## YOUR TASK
Exclude the pictures, then quote exactly the lines from the one holding "2020 GMC Terrain" through the last line of the records.

INPUT FOR THIS TASK Block Start

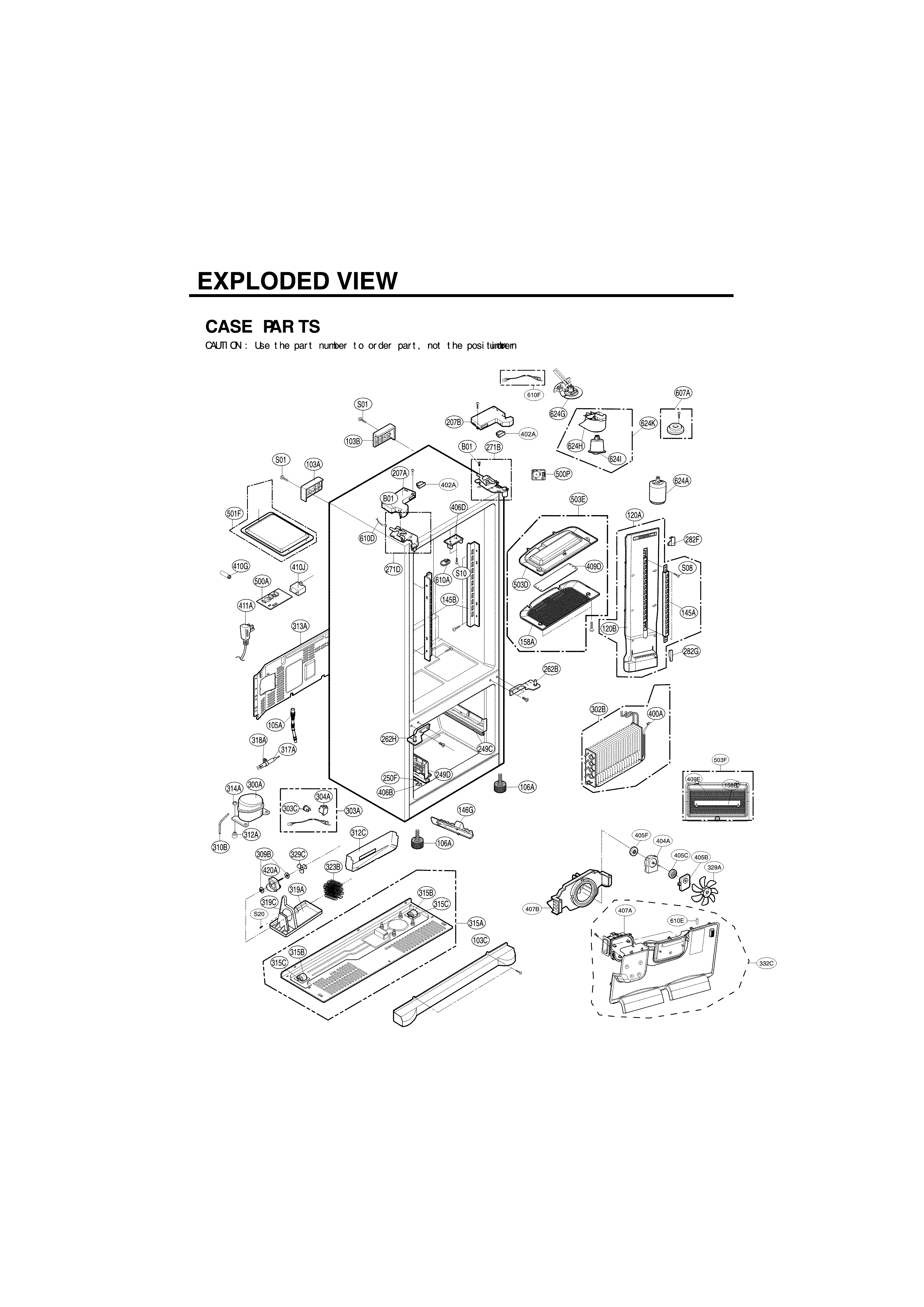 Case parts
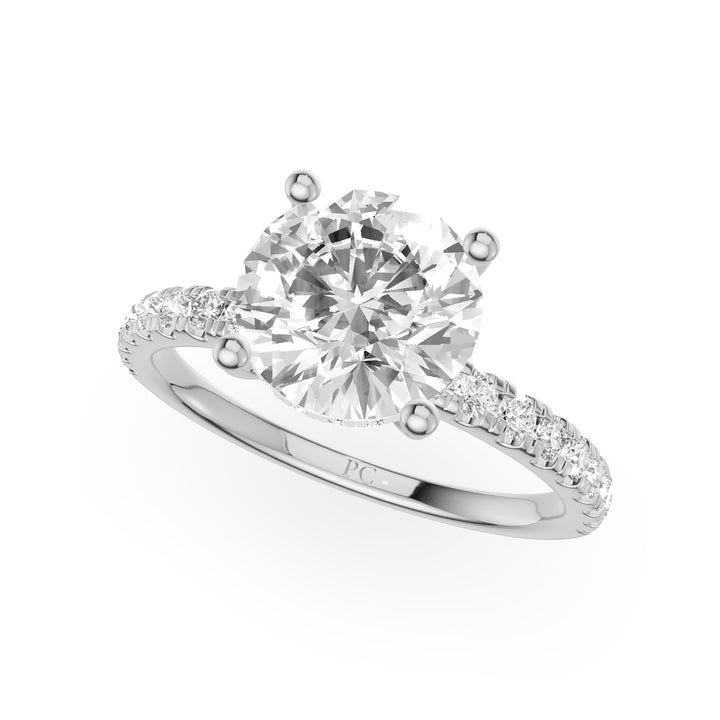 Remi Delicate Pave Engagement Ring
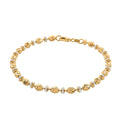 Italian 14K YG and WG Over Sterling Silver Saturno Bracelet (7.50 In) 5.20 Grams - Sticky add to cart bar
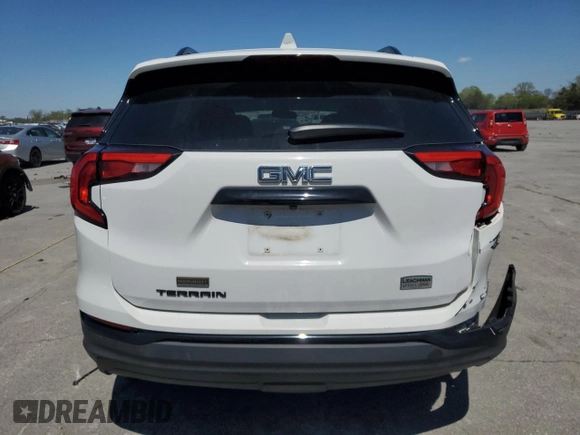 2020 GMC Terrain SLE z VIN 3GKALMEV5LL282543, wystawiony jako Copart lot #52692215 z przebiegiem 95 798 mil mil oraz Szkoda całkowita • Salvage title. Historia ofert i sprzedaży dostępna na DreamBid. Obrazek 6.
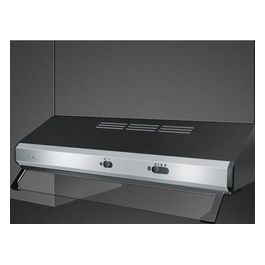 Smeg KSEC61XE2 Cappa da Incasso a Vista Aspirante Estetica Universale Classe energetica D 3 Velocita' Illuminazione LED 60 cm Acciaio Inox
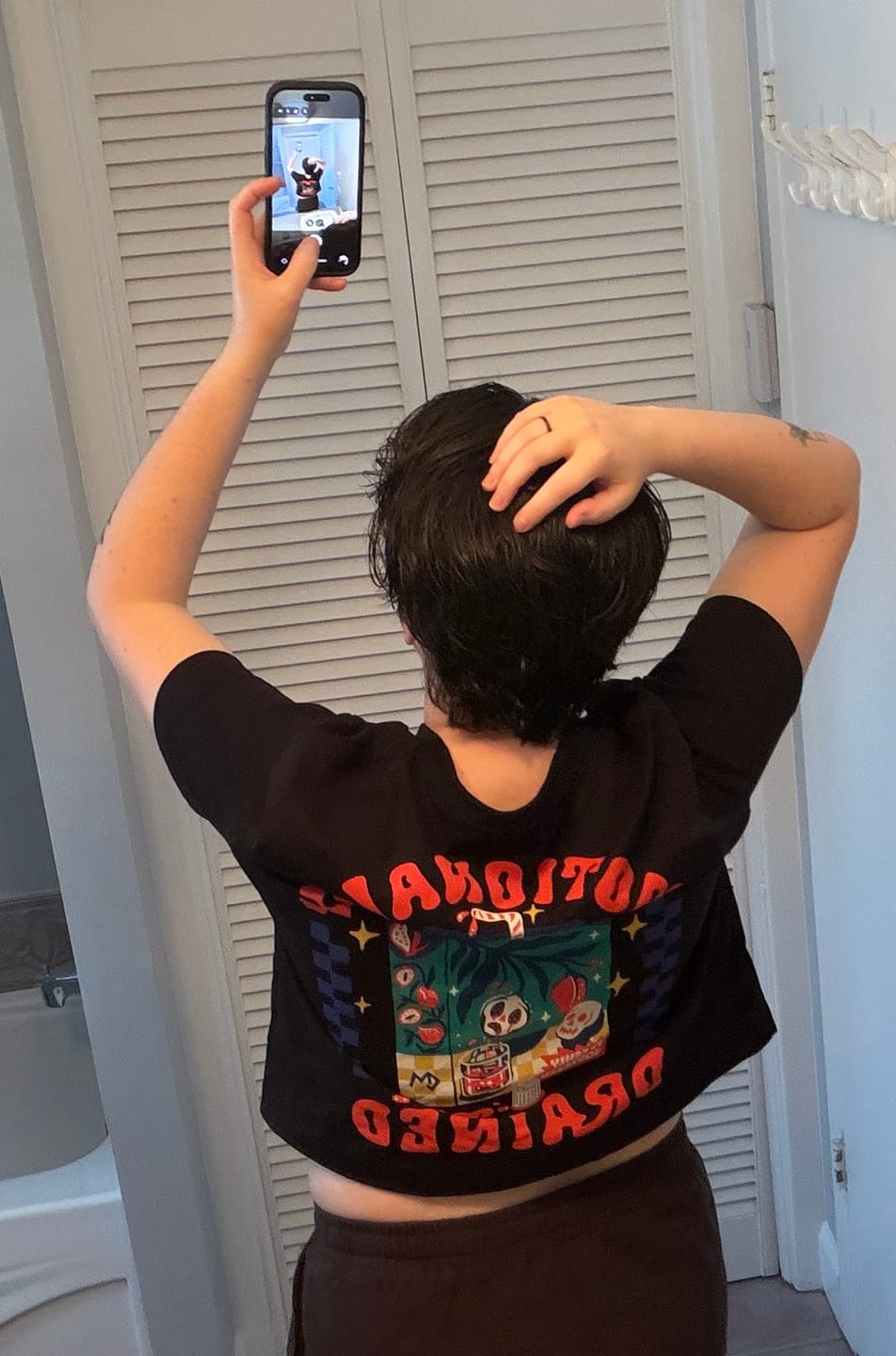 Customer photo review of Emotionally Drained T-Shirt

INPUT FOR THIS TASK Block End

## RESPONSE TO THE TASK
 2020 GMC Terrain SLE z VIN 3GKALMEV5LL282543, wystawiony jako Copart lot #52692215 z przebiegiem 95 798 mil mil oraz Szkoda całkowita • Salvage title. Historia ofert i sprzedaży dostępna na DreamBid. Obrazek 6.
 Smeg KSEC61XE2 Cappa da Incasso a Vista Aspirante Estetica Universale Classe energetica D 3 Velocita' Illuminazione LED 60 cm Acciaio Inox
 Customer photo review of Emotionally Drained T-Shirt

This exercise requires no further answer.